May 8 (Reuters) - Emerging market shares hit a 40-day low on Wednesday as investors fretted about U.S.-China trade tensions, but a retreat in the dollar helped most developing world currencies stay afloat.
MSCI’s index for emerging market stocks fell for a third straight day with Asian bourses taking the biggest hit as mainland China stocks tumbled. Hong Kong was down more than 1 percent.
Mixed trade data from China added to a cloudy growth picture for the world’s second-largest economy with exports shrinking in April but imports surprising with their first increase in five months.
The impact of a worsening trade conflict on global growth lifted the safe-haven Japanese yen against the greenback, benefiting most emerging market currencies.
Focus was on South Africa’s rand which rose 0.8 percent as voters in the continent’s most industrialised nation headed to the polls.
“The ZAR could rally if the (ruling African National Congress) wins at least 58 percent of the votes,” said analysts from TD Securities in a note.

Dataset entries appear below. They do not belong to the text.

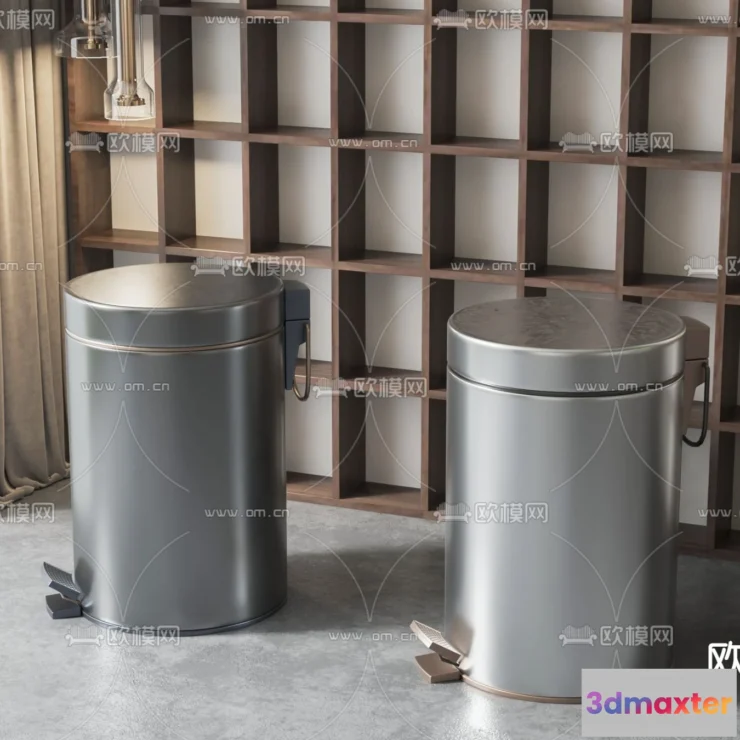 1142890 - Decoration 3Dsmax - 3D Models - 0043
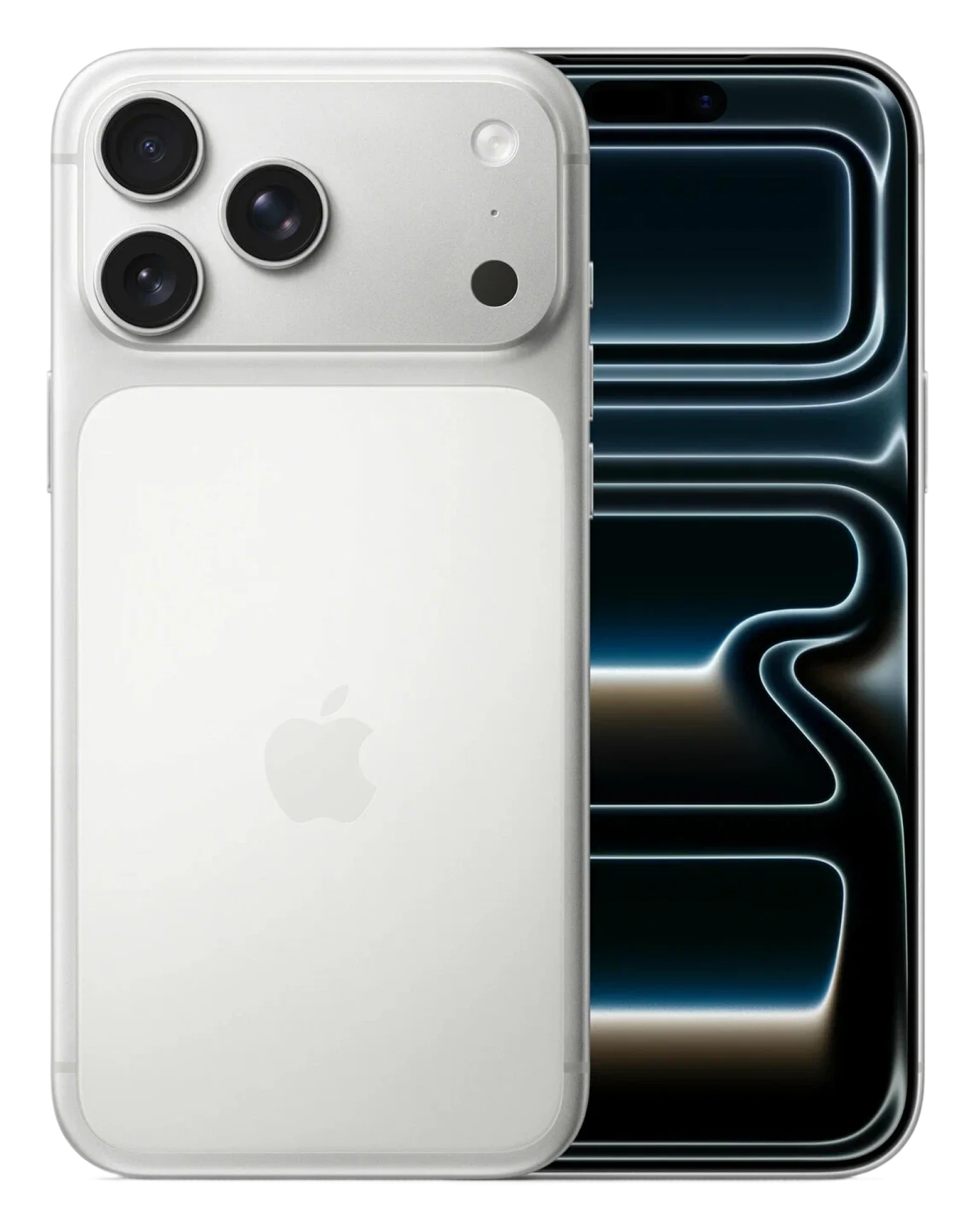 iPhone 18 Pro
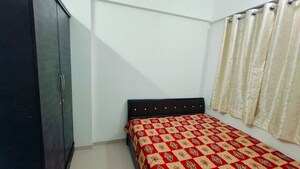 1 BHK Apartment For Rent in Lohgaon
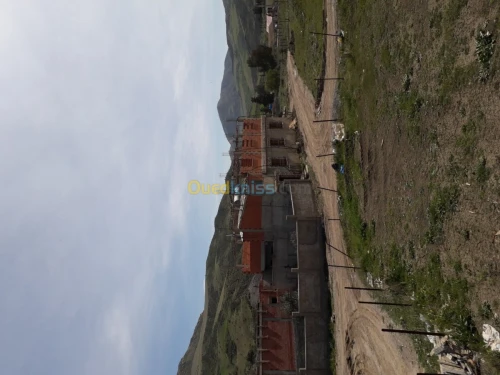 Vente Terrain Setif Ain roua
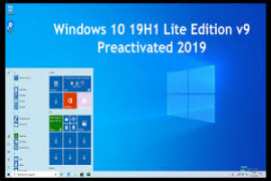 Windows 10 X64 19H2 10in1 OEM ESD en-US NOV 2019 {Gen2}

“But the chance of a ‘weak victory’ may meet a lukewarm market reaction and we could see a sell-off of couple of percentages for the currency.”
China’s yuan strengthened 0.2 percent following two days of hefty losses in offshore trading, while Russia’s rouble climbed on the back of higher oil prices.
Turkey’s lira extended losses from Tuesday when the recession-hit country’s currency saw its biggest sell-off in months after Istanbul’s mayoral election results were scrapped.
President Tayyip Erdogan had pushed hard for the re-run after his ruling AK Party (AKP) lost control of Turkey’s biggest city in the March 31 poll.
In emerging Europe, Hungary’s 8 percent rise in annual industrial output growth in March exceeded all analyst forecasts but the forint barely moved as the upbeat data failed to expel inflation worries.
Tuesday’s weak euro zone outlook by the European Commission also weighed on currencies and bond yields in the region.